Anurendra Jegadeva. Image from Creative Cowboy Films.
Anurendra Jegadeva’s art deals with a number of themes that branch out from the central issue of identity. He dips into his own Ceylonese-Tamil descent as a springboard to address wider issues; for instance, the disharmony between the Tamil Tigers and Sinhalese Monks in Sri Lanka (as illustrated in his Militant Monk (2001) series), whereas a slightly dissimilar type of strife is addressed in Tribute and Fat Jentayuh Lost in Geelong (both 2004).
Both paintings feature a male figure wearing a Balinese barong mask (traditionally used in dances) and are self-portraits after a fashion, featuring the artist’s own body placed within contexts that are at odds with the cultural symbol. In Tribute, he tunes into an iPod against a checkerboard background, whilst the other painting sees ‘Jentayuh’ (or, ‘Jatayu’, the demi-god described in the Hindu epic, Ramayana), retches, as if lost, in the unfamiliar urban environment of Geelong in Victoria, Australia.
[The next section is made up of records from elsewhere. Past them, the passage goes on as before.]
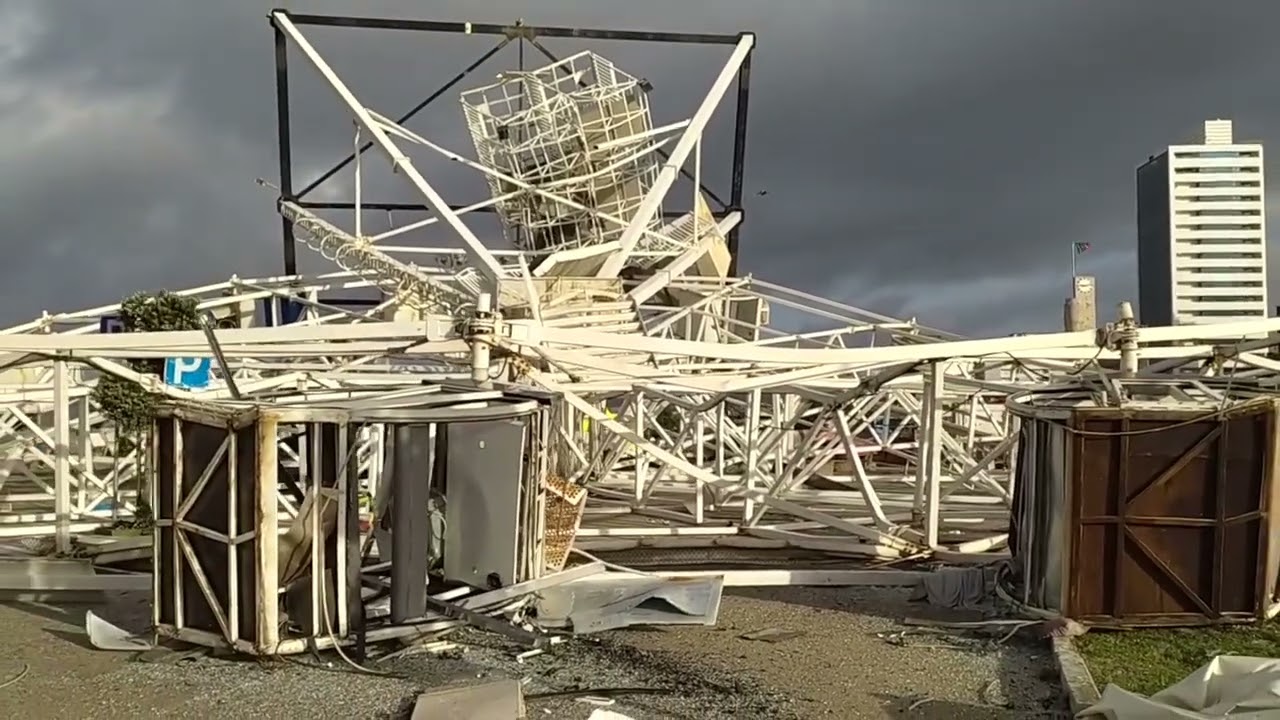 Storm Kristin Hits Portugal, Killing 6 and Leaving Trail of Destruction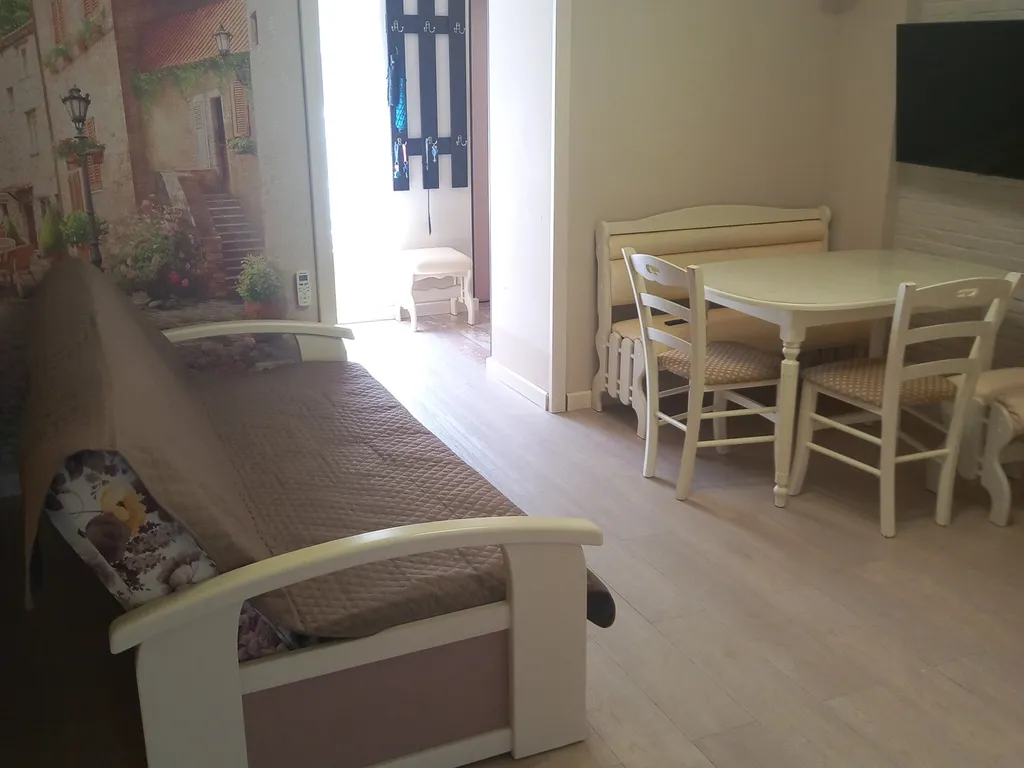 Квартира Уютная квартира на первой береговой линии Мандарин парк — Адлер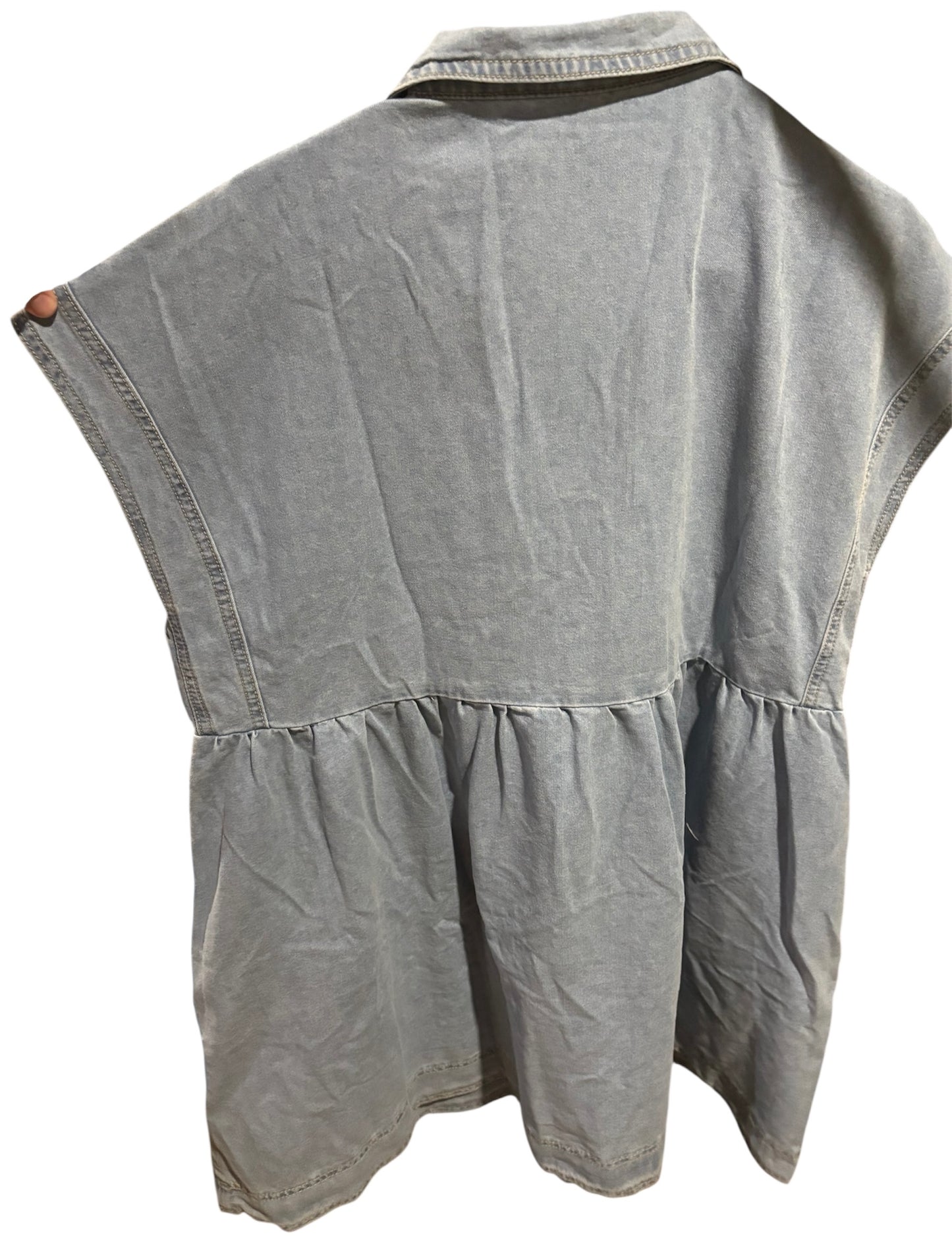 Wild Horizons Babydoll Dress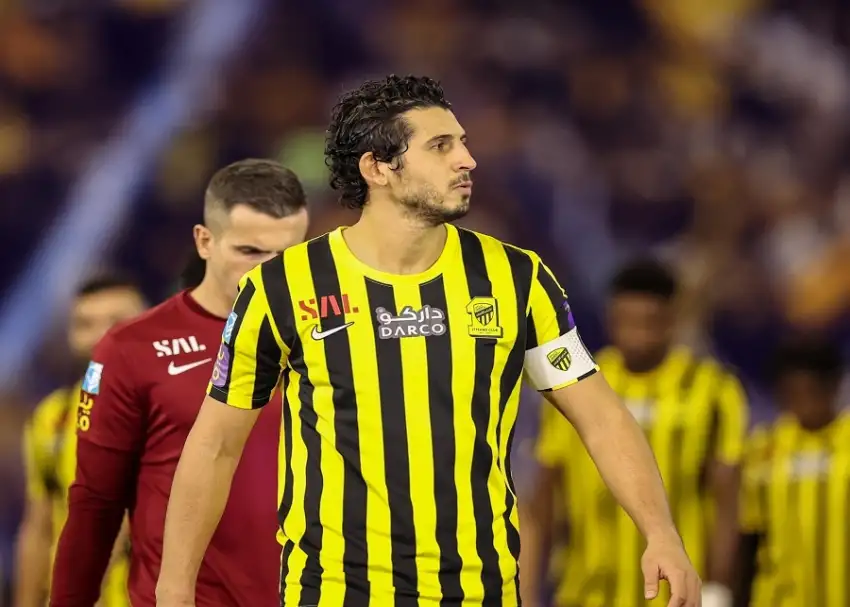 حجازي: مباراة الاتحاد والأهلي ستكون بين الأفضل في آسيا وإفريقيا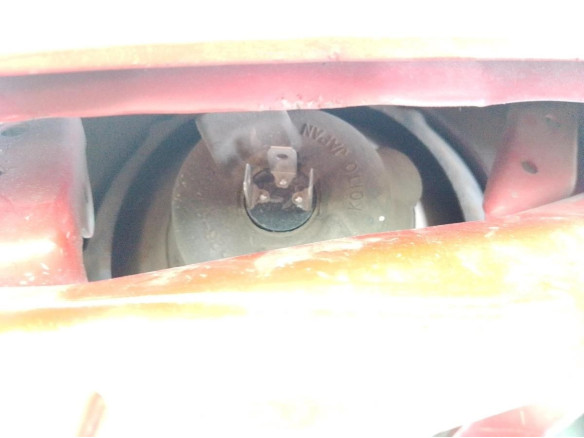 FARO IZQUIERDO MAZDA 323 F IV (BG)|Desguaces La Cabaña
These works confront contrasts, alienation, and displacement - all topics that pertain to the artist’s own life during this period.
Anurendra Jegadeva migrated to Australia in the late 1990s and these artworks mark the tail end of this sojourn. He returned to Malaysia in 2005, and similar emotions surfaced again. The large diptych, No Parking (2007), bears testament, broadly remarking that progress and globalization leave little room for culture and traditions, whilst referring directly to the demolishment of several Hindu temples in Kuala Lumpur a year before the artwork was produced.